_THE DATA_:
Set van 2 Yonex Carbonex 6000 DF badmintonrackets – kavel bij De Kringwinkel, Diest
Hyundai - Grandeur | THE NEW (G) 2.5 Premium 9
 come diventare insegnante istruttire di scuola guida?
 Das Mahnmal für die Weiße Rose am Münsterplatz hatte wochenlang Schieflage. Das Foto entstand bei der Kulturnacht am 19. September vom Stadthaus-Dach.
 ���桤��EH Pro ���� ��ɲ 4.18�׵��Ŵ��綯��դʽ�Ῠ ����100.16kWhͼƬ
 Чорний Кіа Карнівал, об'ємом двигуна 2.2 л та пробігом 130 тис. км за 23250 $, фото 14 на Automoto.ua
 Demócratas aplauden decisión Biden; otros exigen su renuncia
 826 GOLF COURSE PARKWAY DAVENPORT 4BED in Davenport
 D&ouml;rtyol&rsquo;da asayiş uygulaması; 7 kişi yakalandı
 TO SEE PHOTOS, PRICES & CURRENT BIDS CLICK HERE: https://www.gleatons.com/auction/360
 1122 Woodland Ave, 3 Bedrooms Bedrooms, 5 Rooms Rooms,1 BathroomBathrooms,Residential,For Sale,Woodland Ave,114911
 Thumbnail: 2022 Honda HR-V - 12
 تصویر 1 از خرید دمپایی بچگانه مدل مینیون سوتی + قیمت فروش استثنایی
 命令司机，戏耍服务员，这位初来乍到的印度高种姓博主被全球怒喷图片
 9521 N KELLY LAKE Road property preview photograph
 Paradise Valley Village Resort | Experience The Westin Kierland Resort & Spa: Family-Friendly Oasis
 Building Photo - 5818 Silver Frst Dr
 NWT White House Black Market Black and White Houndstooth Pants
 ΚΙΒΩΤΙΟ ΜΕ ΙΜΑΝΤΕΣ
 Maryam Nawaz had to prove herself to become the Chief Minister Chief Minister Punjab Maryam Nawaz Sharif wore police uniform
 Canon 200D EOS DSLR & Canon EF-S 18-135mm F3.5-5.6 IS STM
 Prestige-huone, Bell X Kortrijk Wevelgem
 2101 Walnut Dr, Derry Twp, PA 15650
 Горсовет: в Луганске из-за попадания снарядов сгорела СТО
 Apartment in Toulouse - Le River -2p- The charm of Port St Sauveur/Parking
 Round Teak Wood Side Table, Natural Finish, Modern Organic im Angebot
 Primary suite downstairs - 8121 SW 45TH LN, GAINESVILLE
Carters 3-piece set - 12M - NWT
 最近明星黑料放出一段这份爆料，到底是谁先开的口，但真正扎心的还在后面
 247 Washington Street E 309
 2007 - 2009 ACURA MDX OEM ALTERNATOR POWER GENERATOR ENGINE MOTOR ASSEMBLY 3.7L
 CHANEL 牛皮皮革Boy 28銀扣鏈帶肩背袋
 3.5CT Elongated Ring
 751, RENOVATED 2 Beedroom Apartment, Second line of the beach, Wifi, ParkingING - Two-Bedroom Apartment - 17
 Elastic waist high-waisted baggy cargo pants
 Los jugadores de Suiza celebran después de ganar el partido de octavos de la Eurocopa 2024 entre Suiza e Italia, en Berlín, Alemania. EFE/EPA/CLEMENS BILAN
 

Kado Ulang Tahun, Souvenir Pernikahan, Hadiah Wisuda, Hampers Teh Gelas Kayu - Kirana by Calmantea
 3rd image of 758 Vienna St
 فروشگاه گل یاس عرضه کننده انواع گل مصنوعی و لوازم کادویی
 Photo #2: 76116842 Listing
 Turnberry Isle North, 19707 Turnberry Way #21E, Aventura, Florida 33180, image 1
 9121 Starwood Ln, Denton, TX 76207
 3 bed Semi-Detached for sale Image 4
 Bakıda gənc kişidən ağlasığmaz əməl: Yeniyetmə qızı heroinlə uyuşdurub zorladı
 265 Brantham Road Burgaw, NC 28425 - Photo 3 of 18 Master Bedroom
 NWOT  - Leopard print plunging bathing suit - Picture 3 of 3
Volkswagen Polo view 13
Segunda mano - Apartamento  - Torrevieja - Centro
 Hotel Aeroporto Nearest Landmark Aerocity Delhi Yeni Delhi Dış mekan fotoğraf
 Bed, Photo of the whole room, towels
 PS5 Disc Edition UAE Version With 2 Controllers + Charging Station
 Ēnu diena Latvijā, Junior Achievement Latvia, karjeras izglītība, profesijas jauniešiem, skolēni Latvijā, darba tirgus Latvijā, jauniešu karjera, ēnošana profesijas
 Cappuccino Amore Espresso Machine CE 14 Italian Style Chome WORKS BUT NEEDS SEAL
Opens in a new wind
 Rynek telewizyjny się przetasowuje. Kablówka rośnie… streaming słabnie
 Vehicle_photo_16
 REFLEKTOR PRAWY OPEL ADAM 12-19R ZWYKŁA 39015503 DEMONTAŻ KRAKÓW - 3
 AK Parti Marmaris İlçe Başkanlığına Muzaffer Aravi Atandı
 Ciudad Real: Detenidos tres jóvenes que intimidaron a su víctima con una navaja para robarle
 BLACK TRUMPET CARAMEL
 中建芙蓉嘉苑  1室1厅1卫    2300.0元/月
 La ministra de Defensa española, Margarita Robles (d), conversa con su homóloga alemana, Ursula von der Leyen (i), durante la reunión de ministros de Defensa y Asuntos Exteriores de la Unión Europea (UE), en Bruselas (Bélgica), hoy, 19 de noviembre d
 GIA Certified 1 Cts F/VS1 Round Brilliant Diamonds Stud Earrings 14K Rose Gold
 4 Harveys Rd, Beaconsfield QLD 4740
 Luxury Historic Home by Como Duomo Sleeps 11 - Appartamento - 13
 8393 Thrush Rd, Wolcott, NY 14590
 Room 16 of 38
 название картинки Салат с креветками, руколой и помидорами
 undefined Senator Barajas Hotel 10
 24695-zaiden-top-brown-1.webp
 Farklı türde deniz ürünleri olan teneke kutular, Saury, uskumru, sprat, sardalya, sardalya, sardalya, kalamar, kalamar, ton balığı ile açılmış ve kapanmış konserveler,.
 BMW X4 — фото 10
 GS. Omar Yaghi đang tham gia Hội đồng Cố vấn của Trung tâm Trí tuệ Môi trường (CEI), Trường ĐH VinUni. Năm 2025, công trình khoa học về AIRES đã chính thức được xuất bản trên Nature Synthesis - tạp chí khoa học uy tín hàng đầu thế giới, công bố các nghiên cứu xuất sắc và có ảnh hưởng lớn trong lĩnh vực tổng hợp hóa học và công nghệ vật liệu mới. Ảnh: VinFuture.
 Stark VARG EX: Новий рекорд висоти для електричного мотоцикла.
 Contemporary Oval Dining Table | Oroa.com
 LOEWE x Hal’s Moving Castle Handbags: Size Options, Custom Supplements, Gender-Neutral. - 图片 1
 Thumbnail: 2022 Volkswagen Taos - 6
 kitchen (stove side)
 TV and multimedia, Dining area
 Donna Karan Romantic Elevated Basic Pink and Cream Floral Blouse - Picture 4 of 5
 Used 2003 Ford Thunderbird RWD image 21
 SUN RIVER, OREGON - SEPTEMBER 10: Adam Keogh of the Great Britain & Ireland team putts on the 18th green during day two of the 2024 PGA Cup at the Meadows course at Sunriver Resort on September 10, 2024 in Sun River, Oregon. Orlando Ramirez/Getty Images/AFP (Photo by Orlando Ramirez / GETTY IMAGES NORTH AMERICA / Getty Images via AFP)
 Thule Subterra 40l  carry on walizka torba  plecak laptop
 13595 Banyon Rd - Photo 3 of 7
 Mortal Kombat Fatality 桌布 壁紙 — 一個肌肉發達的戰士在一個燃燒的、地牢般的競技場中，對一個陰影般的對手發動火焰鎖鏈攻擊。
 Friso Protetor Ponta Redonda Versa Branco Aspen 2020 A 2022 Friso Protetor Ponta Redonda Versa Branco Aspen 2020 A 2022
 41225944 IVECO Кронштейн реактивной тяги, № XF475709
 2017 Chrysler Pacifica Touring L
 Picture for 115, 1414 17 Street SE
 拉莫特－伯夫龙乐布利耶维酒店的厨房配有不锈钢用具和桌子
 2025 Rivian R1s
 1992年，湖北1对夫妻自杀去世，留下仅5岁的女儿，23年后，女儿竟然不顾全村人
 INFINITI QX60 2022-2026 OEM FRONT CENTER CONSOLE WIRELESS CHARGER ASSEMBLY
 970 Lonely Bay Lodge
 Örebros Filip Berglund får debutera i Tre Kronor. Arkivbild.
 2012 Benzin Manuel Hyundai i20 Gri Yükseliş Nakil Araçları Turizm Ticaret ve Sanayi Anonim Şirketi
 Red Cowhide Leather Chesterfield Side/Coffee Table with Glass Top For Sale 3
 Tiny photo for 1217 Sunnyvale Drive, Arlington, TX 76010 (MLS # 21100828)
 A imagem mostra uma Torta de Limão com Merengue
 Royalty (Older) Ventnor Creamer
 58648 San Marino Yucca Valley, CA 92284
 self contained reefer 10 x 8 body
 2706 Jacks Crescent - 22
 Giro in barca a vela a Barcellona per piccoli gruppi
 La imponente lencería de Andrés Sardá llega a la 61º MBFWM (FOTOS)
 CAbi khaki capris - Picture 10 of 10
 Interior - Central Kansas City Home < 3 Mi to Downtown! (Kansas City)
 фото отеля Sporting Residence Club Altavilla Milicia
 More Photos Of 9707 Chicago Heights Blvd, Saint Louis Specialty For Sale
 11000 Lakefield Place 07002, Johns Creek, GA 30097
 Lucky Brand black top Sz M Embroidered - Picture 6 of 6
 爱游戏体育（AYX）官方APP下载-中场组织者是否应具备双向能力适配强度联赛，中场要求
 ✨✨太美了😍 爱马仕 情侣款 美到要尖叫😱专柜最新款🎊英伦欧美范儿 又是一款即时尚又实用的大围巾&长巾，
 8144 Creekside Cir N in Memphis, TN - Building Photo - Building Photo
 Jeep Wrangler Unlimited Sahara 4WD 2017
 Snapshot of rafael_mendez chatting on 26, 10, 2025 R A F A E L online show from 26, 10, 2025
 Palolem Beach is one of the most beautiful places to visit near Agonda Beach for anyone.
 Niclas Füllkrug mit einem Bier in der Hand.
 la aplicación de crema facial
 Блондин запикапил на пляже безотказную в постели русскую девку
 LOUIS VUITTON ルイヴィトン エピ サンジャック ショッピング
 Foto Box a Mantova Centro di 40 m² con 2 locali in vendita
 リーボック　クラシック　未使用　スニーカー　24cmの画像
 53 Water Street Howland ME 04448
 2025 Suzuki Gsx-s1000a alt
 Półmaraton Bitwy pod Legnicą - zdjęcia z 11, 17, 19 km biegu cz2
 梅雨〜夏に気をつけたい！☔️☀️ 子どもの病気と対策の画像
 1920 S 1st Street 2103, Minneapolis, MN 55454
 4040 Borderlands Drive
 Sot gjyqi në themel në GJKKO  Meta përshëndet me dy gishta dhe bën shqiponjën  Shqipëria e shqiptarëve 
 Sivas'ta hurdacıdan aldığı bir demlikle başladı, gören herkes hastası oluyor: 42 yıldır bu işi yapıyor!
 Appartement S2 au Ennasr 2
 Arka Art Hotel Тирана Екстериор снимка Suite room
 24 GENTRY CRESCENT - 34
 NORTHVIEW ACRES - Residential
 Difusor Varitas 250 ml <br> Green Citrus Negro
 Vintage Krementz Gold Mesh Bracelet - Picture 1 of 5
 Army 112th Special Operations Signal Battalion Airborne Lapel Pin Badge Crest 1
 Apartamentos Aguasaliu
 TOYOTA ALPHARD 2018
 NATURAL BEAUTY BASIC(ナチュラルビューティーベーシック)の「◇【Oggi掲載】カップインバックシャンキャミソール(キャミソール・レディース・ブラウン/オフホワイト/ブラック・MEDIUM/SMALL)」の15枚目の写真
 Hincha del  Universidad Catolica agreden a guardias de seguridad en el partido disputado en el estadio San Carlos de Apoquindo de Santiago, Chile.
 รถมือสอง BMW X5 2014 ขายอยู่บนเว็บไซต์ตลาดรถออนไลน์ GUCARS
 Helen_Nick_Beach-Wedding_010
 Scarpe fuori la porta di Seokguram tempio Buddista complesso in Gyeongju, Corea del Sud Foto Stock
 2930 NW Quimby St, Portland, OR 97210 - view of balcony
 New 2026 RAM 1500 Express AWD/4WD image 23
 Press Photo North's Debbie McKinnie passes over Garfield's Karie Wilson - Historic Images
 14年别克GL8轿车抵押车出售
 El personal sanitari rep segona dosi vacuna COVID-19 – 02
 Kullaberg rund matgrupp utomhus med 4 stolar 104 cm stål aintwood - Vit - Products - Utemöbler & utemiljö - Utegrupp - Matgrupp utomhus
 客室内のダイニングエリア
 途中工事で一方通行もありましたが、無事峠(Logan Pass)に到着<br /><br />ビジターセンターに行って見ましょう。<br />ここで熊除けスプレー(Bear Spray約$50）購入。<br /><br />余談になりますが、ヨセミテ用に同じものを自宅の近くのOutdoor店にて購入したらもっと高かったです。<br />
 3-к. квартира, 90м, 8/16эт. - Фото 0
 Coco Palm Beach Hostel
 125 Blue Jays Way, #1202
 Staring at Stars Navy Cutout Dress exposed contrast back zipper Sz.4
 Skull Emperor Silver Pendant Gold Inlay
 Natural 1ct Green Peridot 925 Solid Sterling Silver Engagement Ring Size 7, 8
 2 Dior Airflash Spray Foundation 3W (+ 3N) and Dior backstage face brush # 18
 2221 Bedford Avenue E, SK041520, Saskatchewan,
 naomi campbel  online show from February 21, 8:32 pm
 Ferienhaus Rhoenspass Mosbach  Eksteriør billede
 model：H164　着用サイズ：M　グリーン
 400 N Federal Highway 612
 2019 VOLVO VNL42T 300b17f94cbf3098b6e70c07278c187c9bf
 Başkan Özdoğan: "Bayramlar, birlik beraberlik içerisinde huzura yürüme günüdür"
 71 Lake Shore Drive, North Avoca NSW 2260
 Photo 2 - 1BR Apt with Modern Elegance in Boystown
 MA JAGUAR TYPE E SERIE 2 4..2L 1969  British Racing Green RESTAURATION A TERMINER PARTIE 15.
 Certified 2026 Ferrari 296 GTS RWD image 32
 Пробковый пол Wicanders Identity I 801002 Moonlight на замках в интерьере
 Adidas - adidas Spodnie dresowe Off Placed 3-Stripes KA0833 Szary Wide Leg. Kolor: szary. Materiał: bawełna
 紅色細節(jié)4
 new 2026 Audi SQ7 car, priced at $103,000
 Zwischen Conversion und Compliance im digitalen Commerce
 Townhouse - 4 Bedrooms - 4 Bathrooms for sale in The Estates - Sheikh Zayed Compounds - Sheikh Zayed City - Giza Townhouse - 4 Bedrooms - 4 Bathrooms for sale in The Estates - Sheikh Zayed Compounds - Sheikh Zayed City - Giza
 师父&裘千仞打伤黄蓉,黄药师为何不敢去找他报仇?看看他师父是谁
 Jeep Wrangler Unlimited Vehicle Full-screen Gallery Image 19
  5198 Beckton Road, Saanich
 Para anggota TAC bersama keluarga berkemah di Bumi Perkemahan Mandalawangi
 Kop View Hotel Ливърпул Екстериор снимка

_BRIEF_: The answer must consist of each line in the entries above that includes "Round".

_EXPECTED ANSWER_:
 Round Teak Wood Side Table, Natural Finish, Modern Organic im Angebot
 GIA Certified 1 Cts F/VS1 Round Brilliant Diamonds Stud Earrings 14K Rose Gold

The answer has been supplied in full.